▶ **What is required**: Once the line containing "Plafonieră PIXAR gri" is found in the entries below, restate it and each following line word for word, stopping after the line containing "Bmw R 18 R 18 100 Years (2023) (2)".

▶ **Provided records**:
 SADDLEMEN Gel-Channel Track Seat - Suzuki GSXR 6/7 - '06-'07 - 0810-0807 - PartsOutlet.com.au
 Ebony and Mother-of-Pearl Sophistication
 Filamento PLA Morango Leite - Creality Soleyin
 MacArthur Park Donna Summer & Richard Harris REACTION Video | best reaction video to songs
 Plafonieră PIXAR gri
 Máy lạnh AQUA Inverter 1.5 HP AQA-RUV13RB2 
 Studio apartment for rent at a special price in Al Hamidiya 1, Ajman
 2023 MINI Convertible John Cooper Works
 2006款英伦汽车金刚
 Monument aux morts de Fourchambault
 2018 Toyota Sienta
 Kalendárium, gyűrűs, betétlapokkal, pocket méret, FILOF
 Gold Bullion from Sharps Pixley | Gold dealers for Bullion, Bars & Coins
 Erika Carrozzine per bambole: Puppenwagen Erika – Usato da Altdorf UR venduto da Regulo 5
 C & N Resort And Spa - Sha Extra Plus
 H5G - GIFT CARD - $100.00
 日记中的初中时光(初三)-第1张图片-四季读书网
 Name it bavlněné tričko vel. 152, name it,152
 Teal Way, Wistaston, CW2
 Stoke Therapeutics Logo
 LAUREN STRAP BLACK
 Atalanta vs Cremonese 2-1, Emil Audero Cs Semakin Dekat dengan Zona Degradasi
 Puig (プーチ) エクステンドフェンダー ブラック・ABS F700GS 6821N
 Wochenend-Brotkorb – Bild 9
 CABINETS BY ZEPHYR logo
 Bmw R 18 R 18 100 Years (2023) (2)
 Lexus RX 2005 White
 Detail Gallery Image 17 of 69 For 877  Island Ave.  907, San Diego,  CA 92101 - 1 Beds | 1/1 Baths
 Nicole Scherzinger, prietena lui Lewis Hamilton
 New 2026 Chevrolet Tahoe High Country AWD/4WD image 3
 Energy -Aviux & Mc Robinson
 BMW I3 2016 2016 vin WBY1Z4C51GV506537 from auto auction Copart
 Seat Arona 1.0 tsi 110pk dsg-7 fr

▶ **Solution**:
 Plafonieră PIXAR gri
 Máy lạnh AQUA Inverter 1.5 HP AQA-RUV13RB2 
 Studio apartment for rent at a special price in Al Hamidiya 1, Ajman
 2023 MINI Convertible John Cooper Works
 2006款英伦汽车金刚
 Monument aux morts de Fourchambault
 2018 Toyota Sienta
 Kalendárium, gyűrűs, betétlapokkal, pocket méret, FILOF
 Gold Bullion from Sharps Pixley | Gold dealers for Bullion, Bars & Coins
 Erika Carrozzine per bambole: Puppenwagen Erika – Usato da Altdorf UR venduto da Regulo 5
 C & N Resort And Spa - Sha Extra Plus
 H5G - GIFT CARD - $100.00
 日记中的初中时光(初三)-第1张图片-四季读书网
 Name it bavlněné tričko vel. 152, name it,152
 Teal Way, Wistaston, CW2
 Stoke Therapeutics Logo
 LAUREN STRAP BLACK
 Atalanta vs Cremonese 2-1, Emil Audero Cs Semakin Dekat dengan Zona Degradasi
 Puig (プーチ) エクステンドフェンダー ブラック・ABS F700GS 6821N
 Wochenend-Brotkorb – Bild 9
 CABINETS BY ZEPHYR logo
 Bmw R 18 R 18 100 Years (2023) (2)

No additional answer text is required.